PATRIMOINE – À Gesté (2 600 habitants), la mobilisation continue pour empêcher la destruction de l’église St-Pierre-aux-liens. Sur le terrain de nombreuses associations de défense se relaient pour empêcher la destruction.

Dernière initiative en date, une manifestation organisée dimanche 25 août par le collectif St Jacques d’Abbeville et par le Souvenir Chouan de Bretagne :

“Le collectif St Jacques d’Abbeville et le Souvenir Chouan de Bretagne vous invitent à manifester votre opposition à la destruction illégale de l’église St Pierre, le dimanche 25 Aout à 12 h 30. »
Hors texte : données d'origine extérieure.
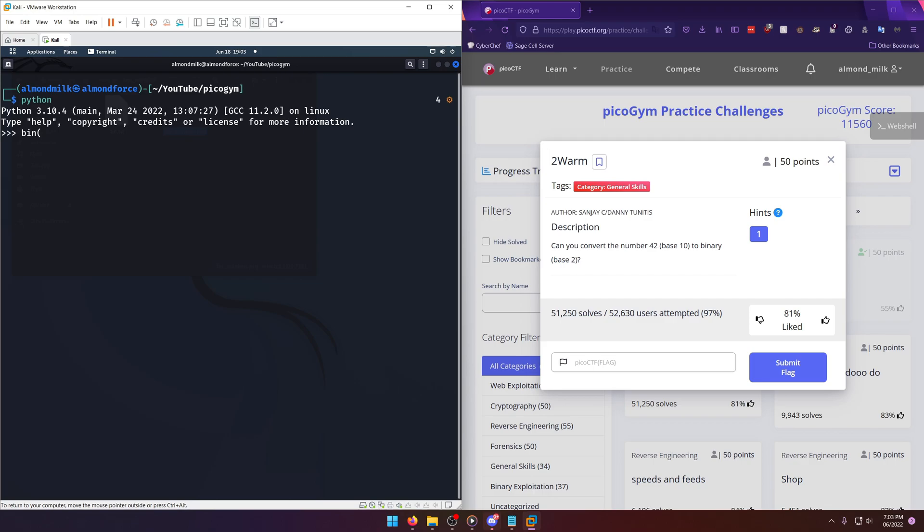So of course there's the standard just binary converter, right, the type converter, and then you just put in 42 and then you get 0b101010. Now the first two characters designate it as a binary value so you can leave those off and you just get 101010.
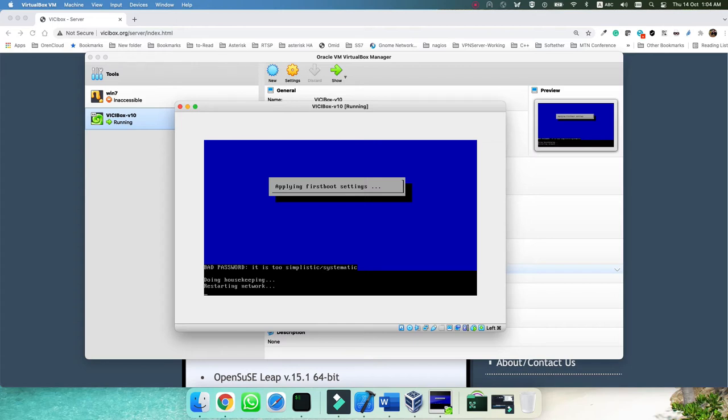It's restarting the network and setting it to bridge mode as configured before this stage, so that when it restarts the network it gets an IP from your network. Now we are in the system. The next step is setting the time zone, network configuration, and updating the system.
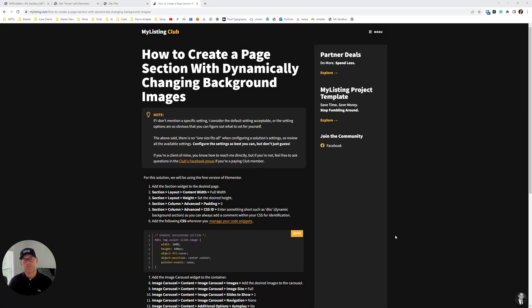Hey, what's up everybody? In this video I'm going to show you how to create a section with dynamically changing background images.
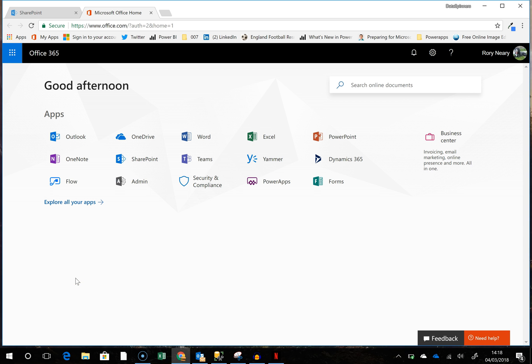Hello everyone, Rory Neary from Dataspinners here. We are continuing with the Art Project app. It's been a few days since I actually did any work on it, so hopefully it will seem seamless. But this is quite normal that you will dip in and out of your apps, and it's actually quite important to know how to get back into them and back into the swing of things.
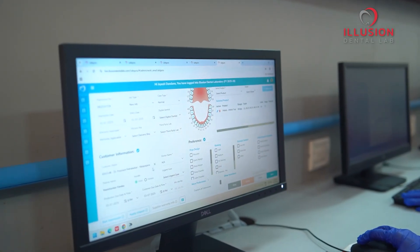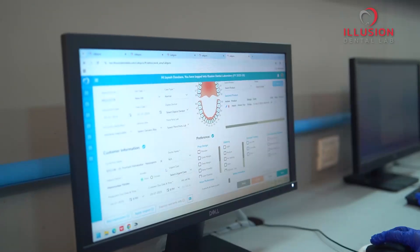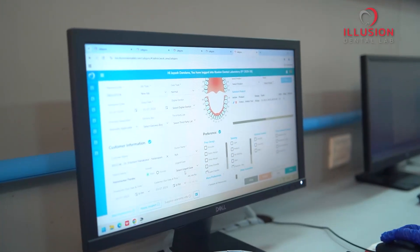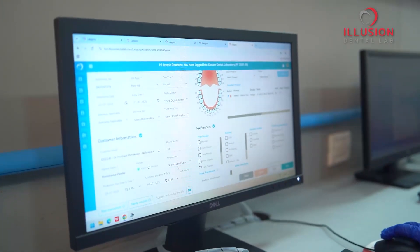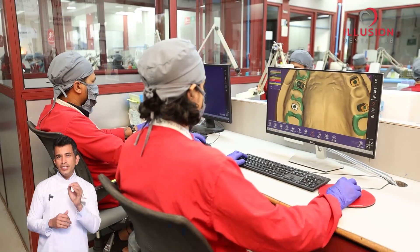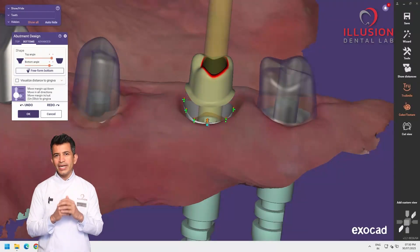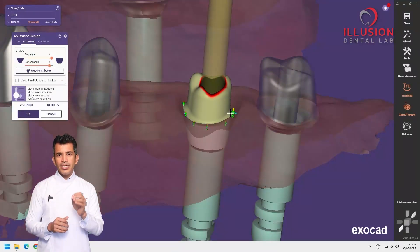Let's learn about Illusion's smart abutment workflow. Once we receive the scans, we register the case, verify implant details and move straight to the smart abutment design stage.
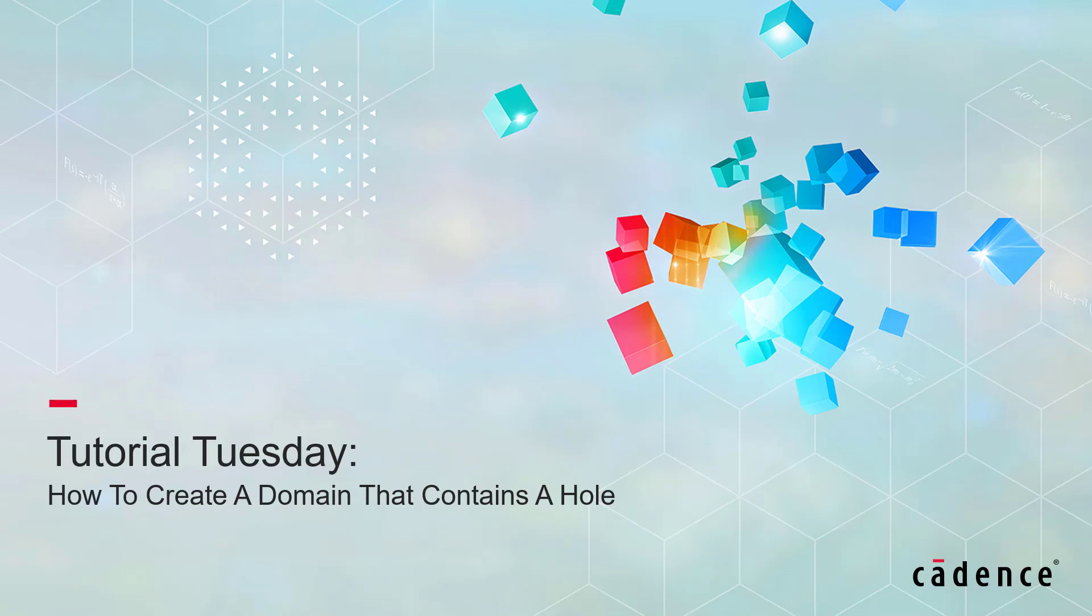Welcome to Cadence Design Systems Pointwise Tutorial Tuesday, where we show you how to use a feature or demonstrate a technique in just a few minutes.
Ci-dessous le reportage vidéo du Courrier de l’ouest :

[youtube=http://www.youtube.com/watch?v=j6Qpf1cXC2o]

M. Jean-Pierre Léger
9, Place Monseigneur Dupont – BP 9
49600   GESTÉ
France

Tandis que la démolition a repris, comme prévu (les vitraux sont en train d’être démontés depuis le 30 juillet), les organisateurs proposent aussi d’écrire au maire une lettre de protestation. Ils suggèrent encore de venir visiter l’église afin de rappeler au maire qu’il doit “entretenir son église au même titre que son terrain de football et accessoirement obéir comme les autres à la loi » .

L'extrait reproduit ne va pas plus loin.